Hydrogenation of vegetable oil is the process that turns oil that is normally liquid at room temperature to solid, butter-like spreads. In this process, manufactures will probably use the cheapest oil available, and this could include the solvent-extracted soya or corn oil. The oil is passed through tiny metal particles normally nickel oxide in a high-pressure high-temperature reactor and hydrogen gas is pumped through. Soap-like emulsifiers and starch are then squeezed in for better consistency. Colouring and flavouring follow steam cleaning and bleaching of the unappetising result of this process. The end product is wrapped or packed in tubs and sold to us as a health food.

To explain the use of these bad fats in relation to diabetes: in simple terms, the pancreas needs saturated fat combined with the right amount of unsaturated fatty acid (Omega three) to operate. It is getting too much pseudo fat from the factory, which is overloading it. We give it too much sugar as well, therefore it has to work too hard to control and regulate insulin levels. It just wears out too quickly and this is why the increase in diabetes is becoming so frightening.

Saturated fat, in moderation, is not all bad. Consumption of real saturated fat, which the body needs and expects, is going down because farmers are breeding leaner animals. We are putting too much of the bad man made oil in our diet, for which it does not have the blueprint, and the nearest blueprint it can find is for saturated fat, so the body substitutes the bad oil instead. It has no choice.

So, the message is be sensible with your use of oils and fats; they are the basic building blocks of the body. Use butter wisely, use your oil cold, keep away from man made spreads and you will have a healthy life.

A Little Interesting History

While food rationing continued until the mid-Fifties the government gave mothers cod liver oil and orange juice. When rationing finished this stopped. At the same time we started to use many more man-made products, like vinyl, instead of linoleum, which had been made from linseed. If you fell in the sea you would be rescued by a lifeboatman wearing an oilskin made from linseed oil, now he would no doubt be wearing some kind of plastic. In the past huge quantities of linseed were grown for paint and other industrial uses and the by-products were large quantities of linseed cake. Farmers used this cake a great source of oil and protein mixed with their own cereals to form a balanced ration for cattle.

Farmers had small herds that grazed extensively over older pastures containing many herbs and grasses. This kind of grazing, coupled with the use of linseed cake in the ration, produced Omega three in the meat, milk and, along with oily fish, provided our requirement of Omega three that kept us healthy.

As I mentioned, the changes in our use of linseed coincided with farmers’ need to have larger herds and I believe they lost touch with how the animals were fed. Now, the Omega three portion of the total fat content of meat and milk is about 0.8%; wild cattle have 2.8% to 3%; domesticated cattle fed on linseed would have had more.

The small bottles of milk children used to get at school would also have contained Omega three. Gengis Khan’s family lived on koumiss fermented from mare’s milk. It contains 38% Omega three and look how successful he was!

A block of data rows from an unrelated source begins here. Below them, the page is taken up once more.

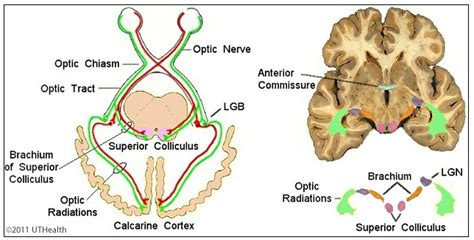 Neuroanatomy Online Lab 8 ƒ7 Visual System Gross Anatomy Of The Eye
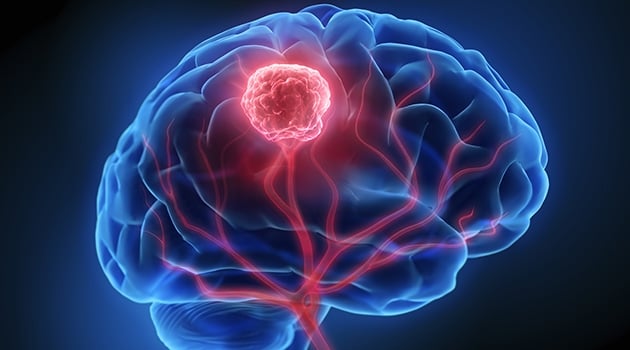Understanding Brain Tumor and its Treatment in India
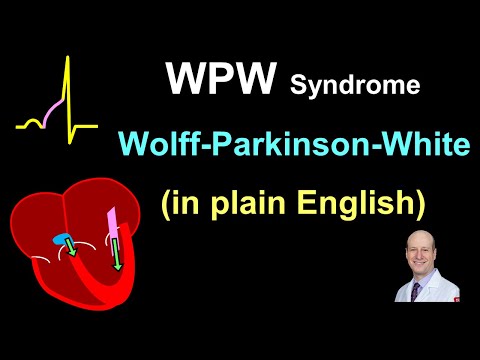 Harnessing Technology for Effective Wolf Parkinson White Solutions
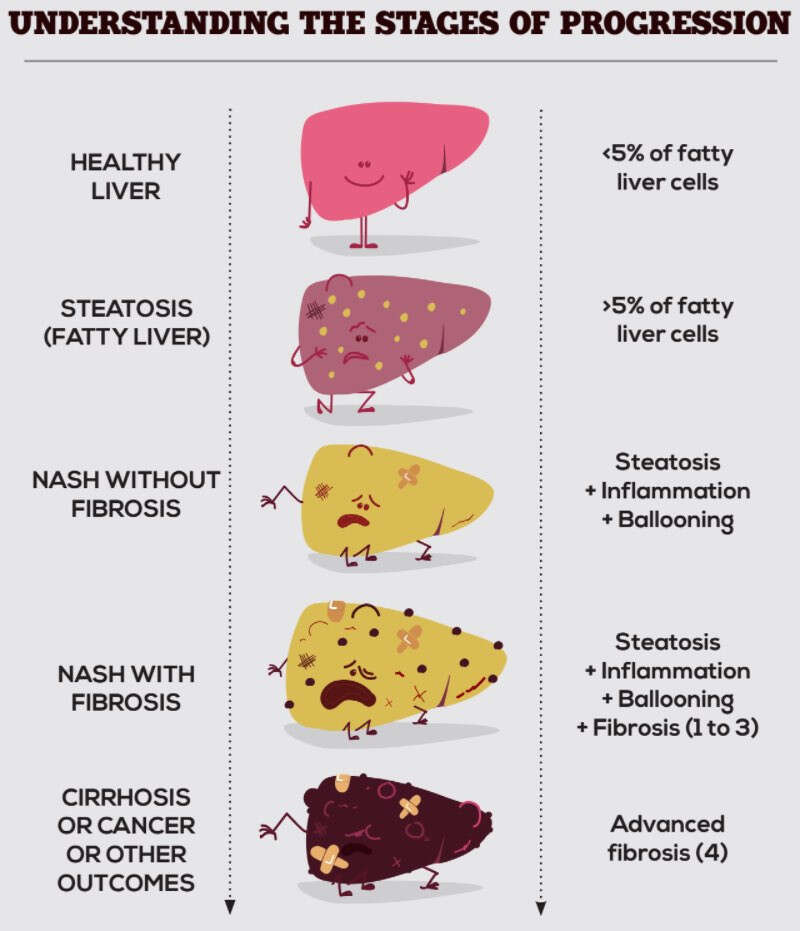 fatty-liver-disease-signs-to-watch-out-for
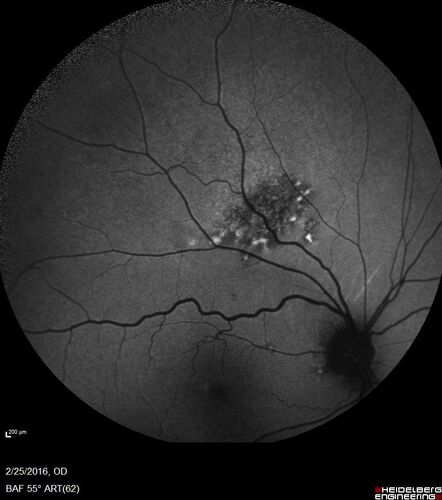 Amelanotic Choroidal Nevus
60 year old man.  Nevus is stable over 6 years.  Images are Photo, FAF, OCT, FA, ICG, and B-Scan
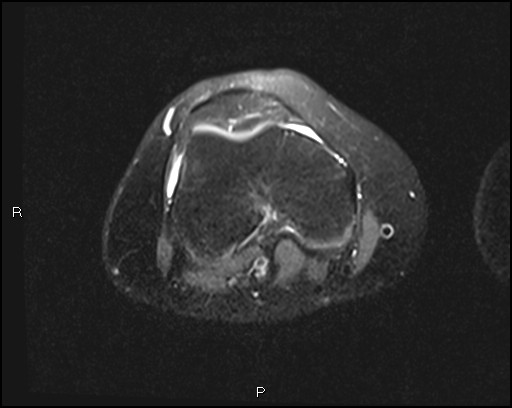 File:Chondroblastoma (Radiopaedia 62721-71031 Axial PD fat sat 15).jpg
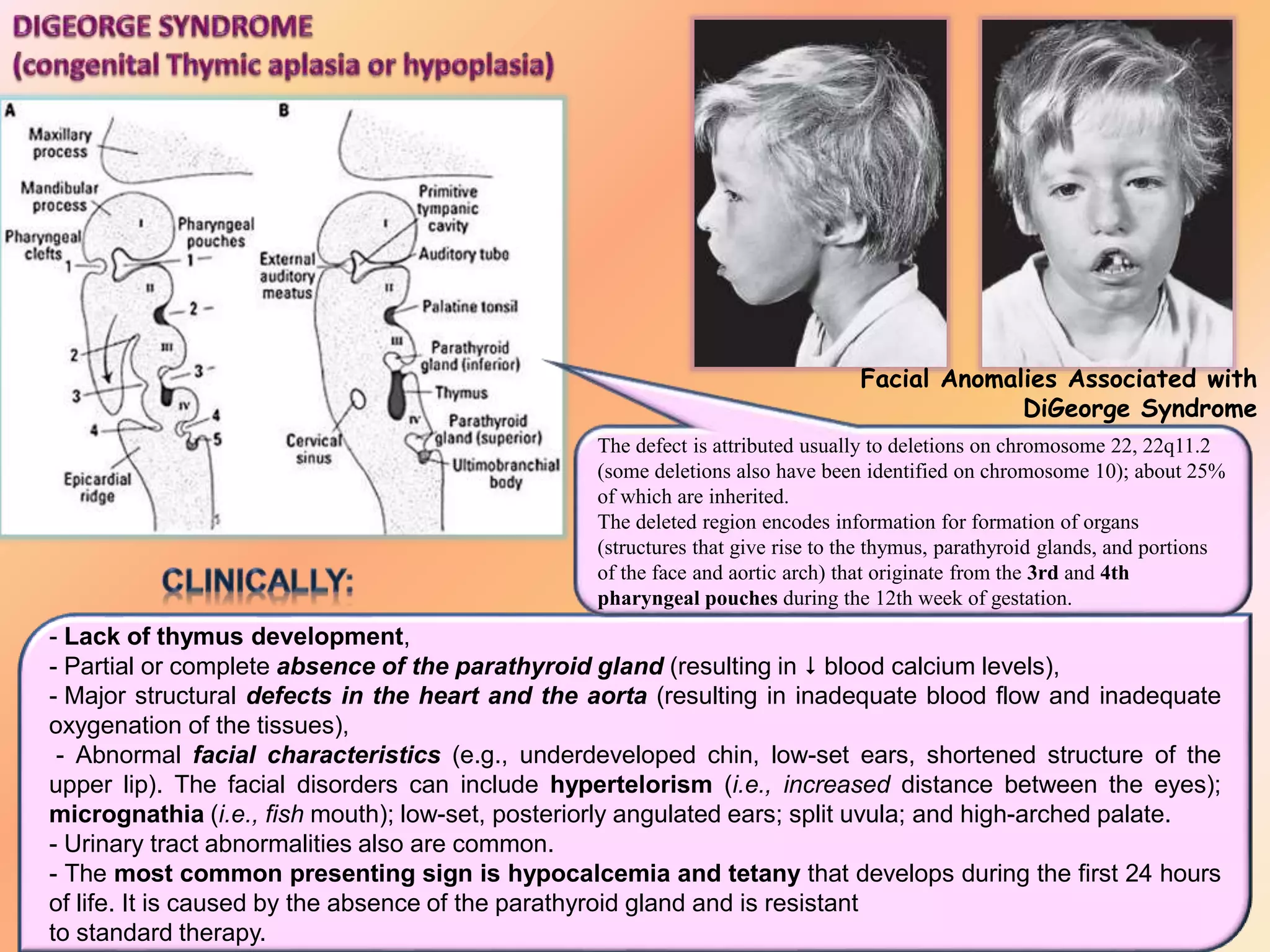 Facial Anomalies Associated with
DiGeorge Syndrome
- Lack of thymus development,
- Partial or complete absence of the parathyroid gland (resulting in  blood calcium levels),
- Major structural defects in the heart and the aorta (resulting in inadequate blood flow and inadequate
oxygenation of the tissues),
- Abnormal facial characteristics (e.g., underdeveloped chin, low-set ears, shortened structure of the
upper lip). The facial disorders can include hypertelorism (i.e., increased distance between the eyes);
micrognathia (i.e., fish mouth); low-set, posteriorly angulated ears; split uvula; and high-arched palate.
- Urinary tract abnormalities also are common.
- The most common presenting sign is hypocalcemia and tetany that develops during the first 24 hours
of life. It is caused by the absence of the parathyroid gland and is resistant
to standard therapy.
The defect is attributed usually to deletions on chromosome 22, 22q11.2
(some deletions also have been identified on chromosome 10); about 25%
of which are inherited.
The deleted region encodes information for formation of organs
(structures that give rise to the thymus, parathyroid glands, and portions
of the face and aortic arch) that originate from the 3rd and 4th
pharyngeal pouches during the 12th week of gestation.
 
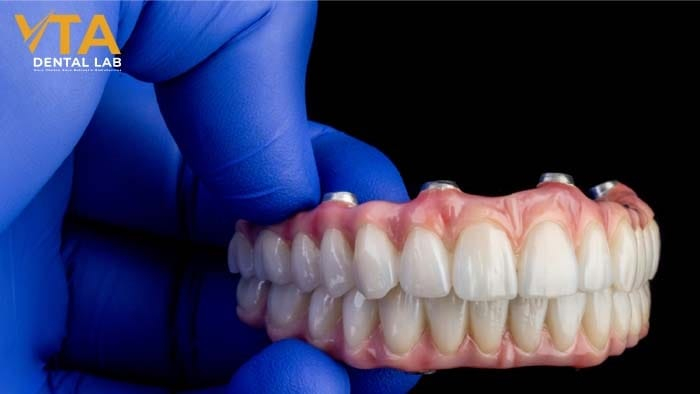 30+ Dental Implant Images Before & After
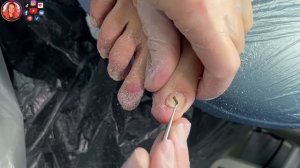 Установка титановой нити / Коррекция вросшего ногтя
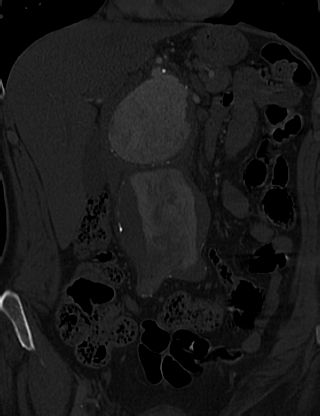 Anterior vertebral scalloping (abdominal aortic aneurysm) (Radiopaedia 66744-76067 Coronal bone window 5).jpg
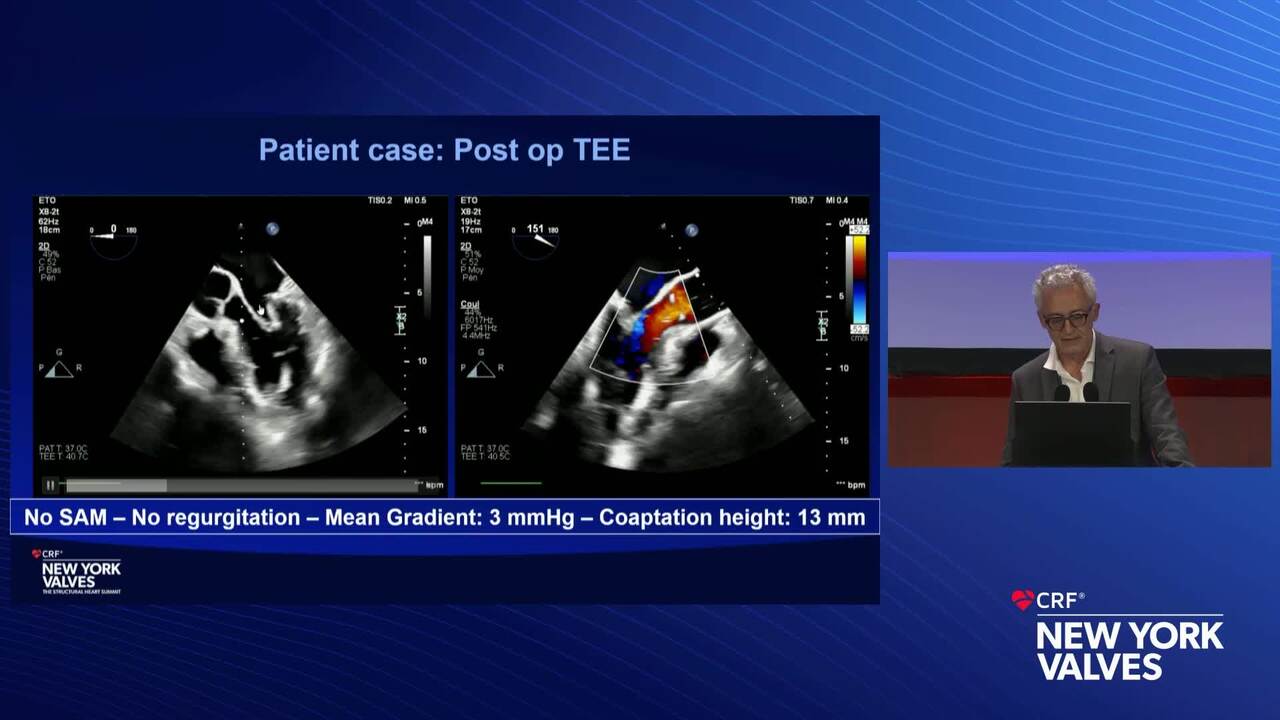 Live Case 20- Complex DMR - Surgical and Transcatheter_-Live Pre-Recorded Case Presentation- Surgical Mitral Repair - Bordeaux University Hospital, Bordeaux, France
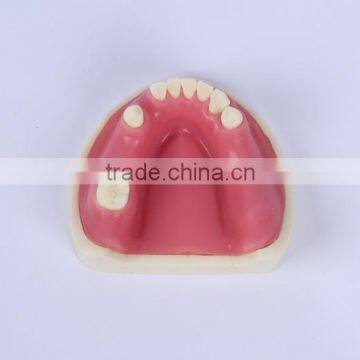New Type Good Quality Dental Implant Model With Teeth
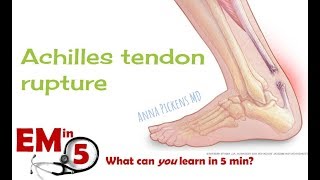 Achilles Tendon Rupture [upl. by Nywrad]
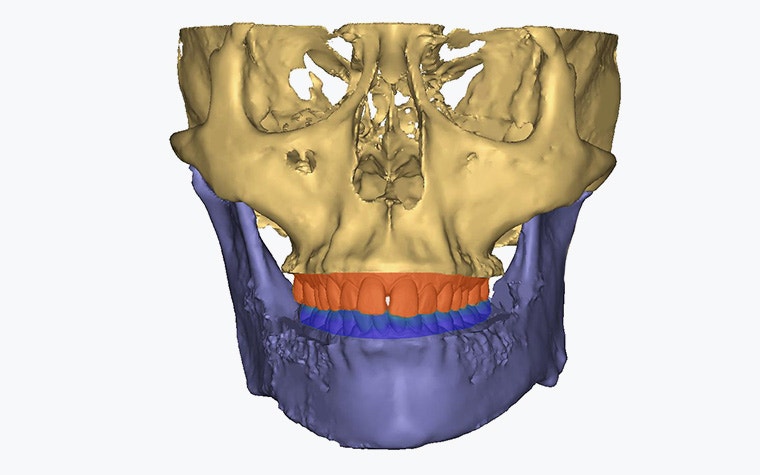 Digital image of a skull with the jaw segmented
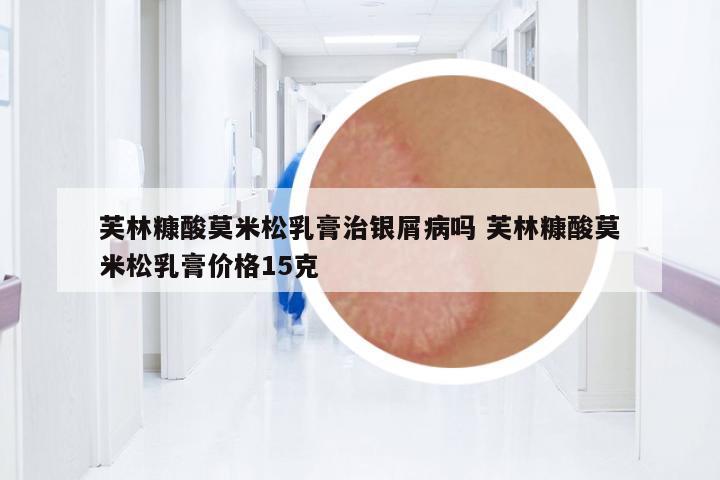 芙林糠酸莫米松乳膏治銀屑病嗎 芙林糠酸莫米松乳膏價格15克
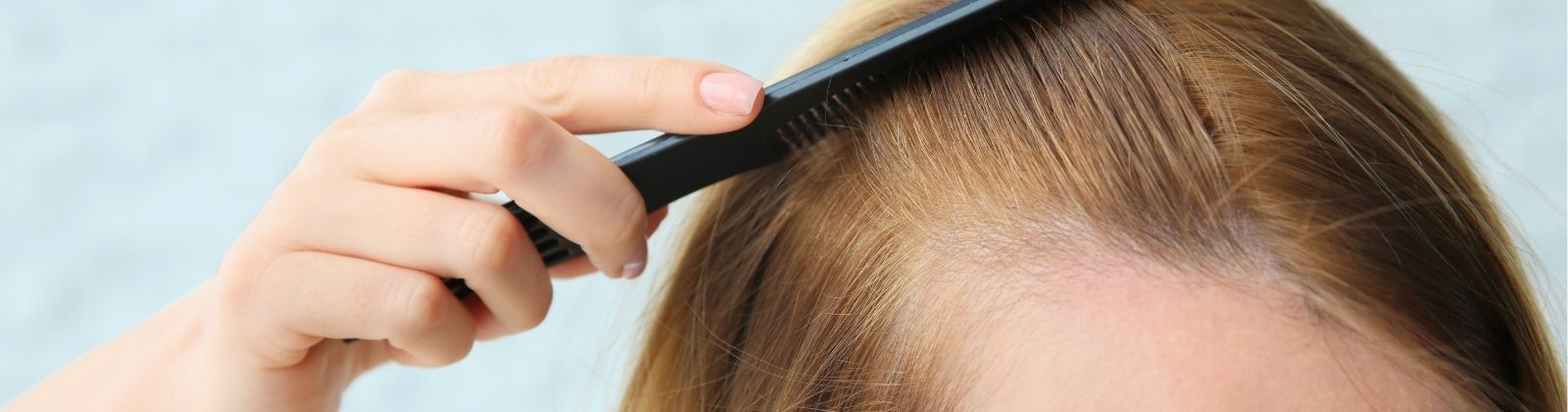 Scalp showing through the hair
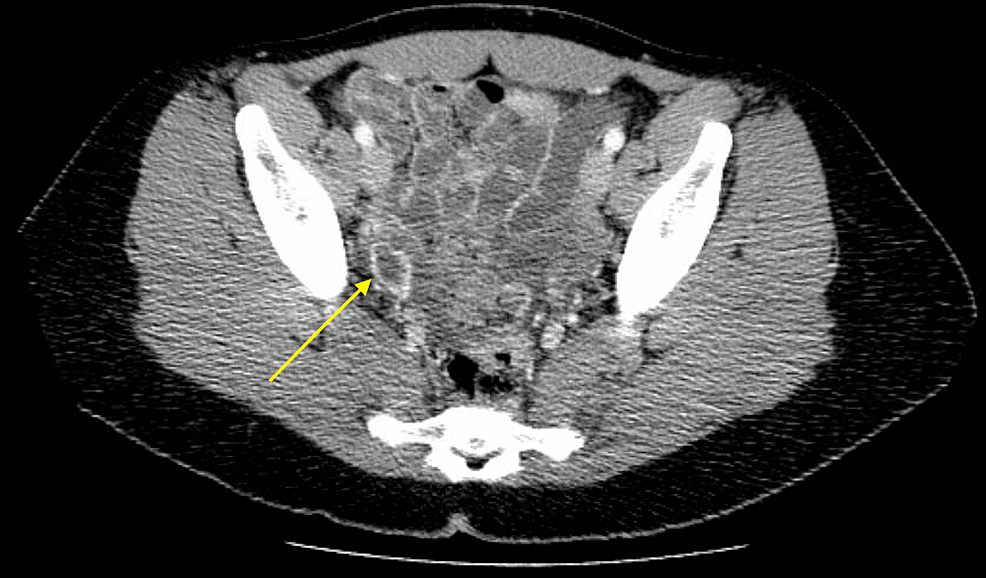 Computed-tomography-scan-of-the-abdomen-and-pelvis,-which-revealed-a-crenulated-right-ovarian-lesion-(indicated-by-the-yellow-arrow)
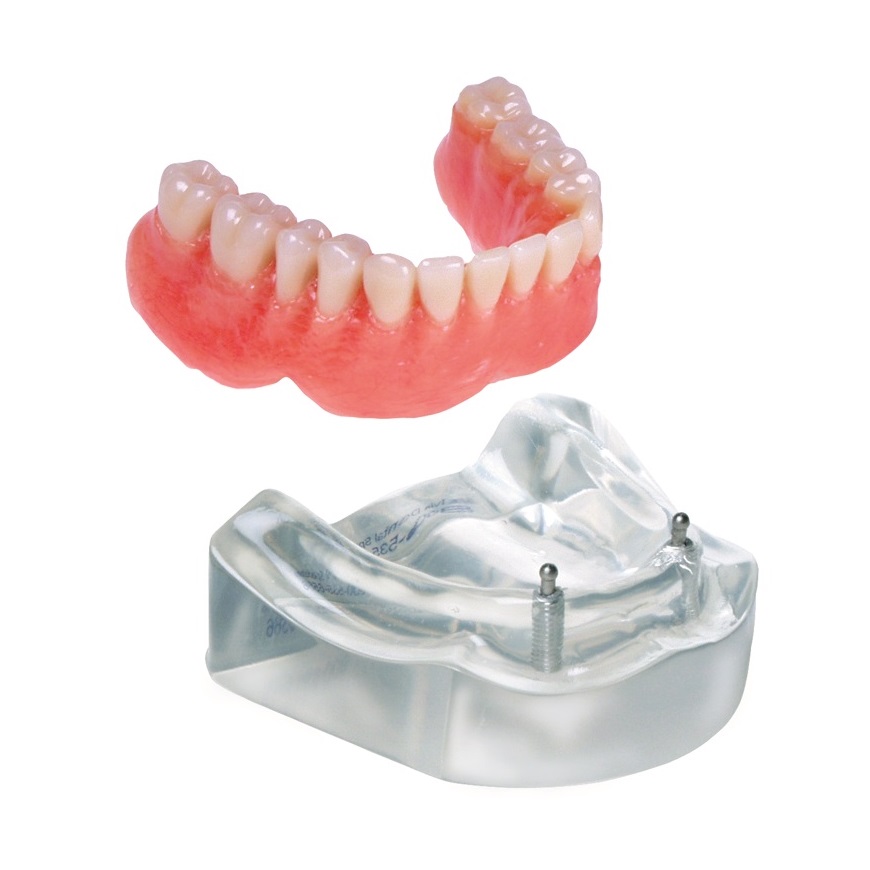 下顎インプラント模型 MOD D2-O｜株式会社インプラテックスの取扱い商品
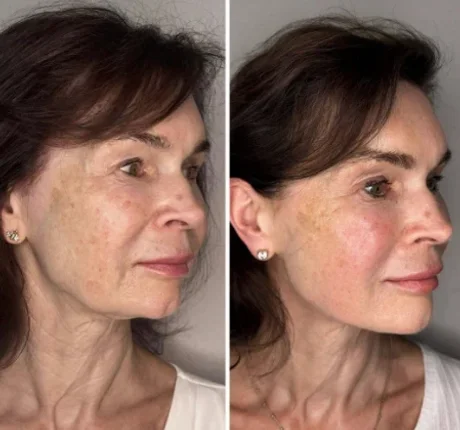 Skin booster before and after — patient 1, Skin Booster Lab Dubai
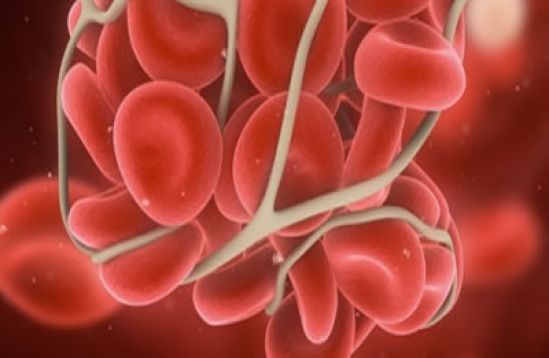 Hemofilia adquirida, una variedad poco conocida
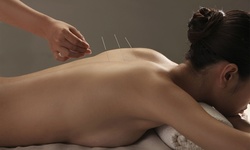 One or Three Acupuncture Session with Initial Assessment at New U Physical Therapy (Up to 60% Off)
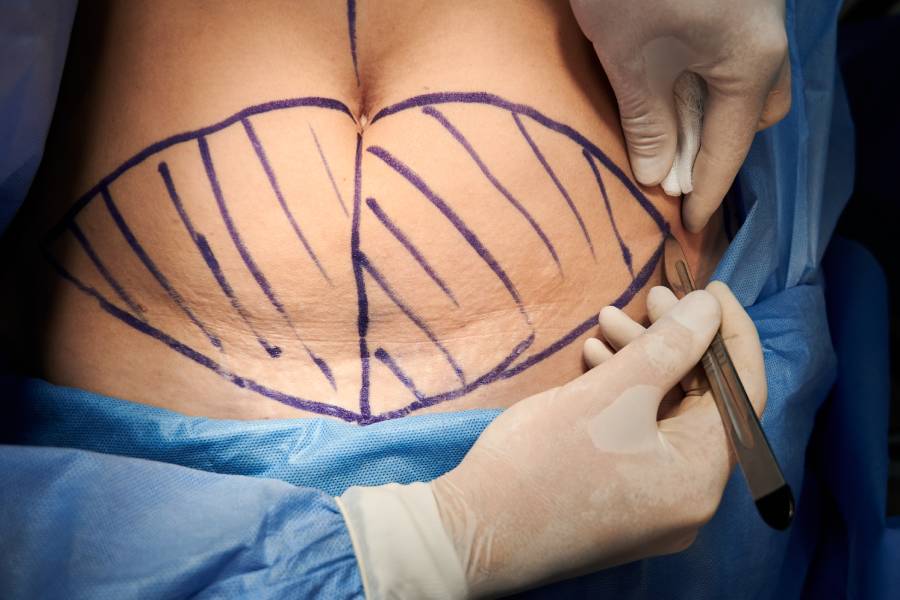جراحی آبدومینوپلاستی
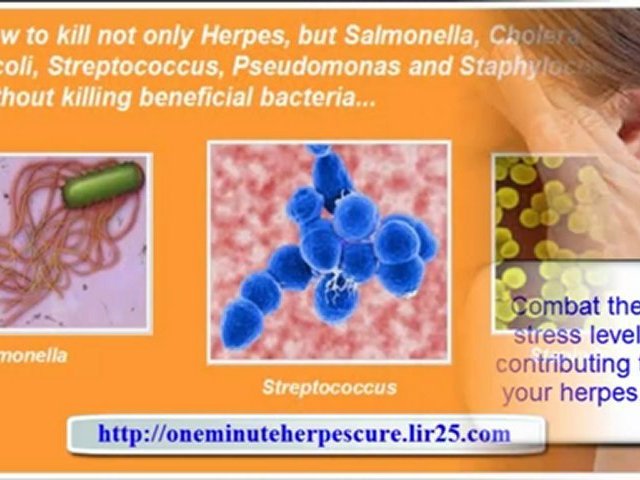 treatment of herpes – natural herpes treatment – herpes labialis treatment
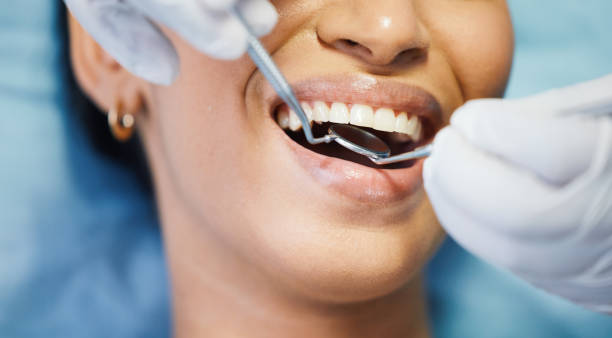 Best Emergency Wisdom Teeth Removal in Meggett, SC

The changes to which I refer started some fifty years ago and, coupled with the increased use of hydrogenated vegetable oils, represent a dramatic shift in the diet. It is no surprise to me that dyslexia, diabetes, attention deficit syndrome, hay fever, skin problems, blood pressure, high cholesterol, asthma and many auto immune diseases are our new ways to be ill and die.

The changes in agriculture today may give the opportunity for food to be processed closer to the end user and to avoid many of the chemicals and fats that are killing us. The increase in farmers markets, with farmers regaining skills for providing wholesome food and communicating their message, is just a little step along the road to providing us with better food. Perhaps it should be visit your farmer for good food to keep you healthy’.

I grow and press my own linseed oil, the richest source of Omega three.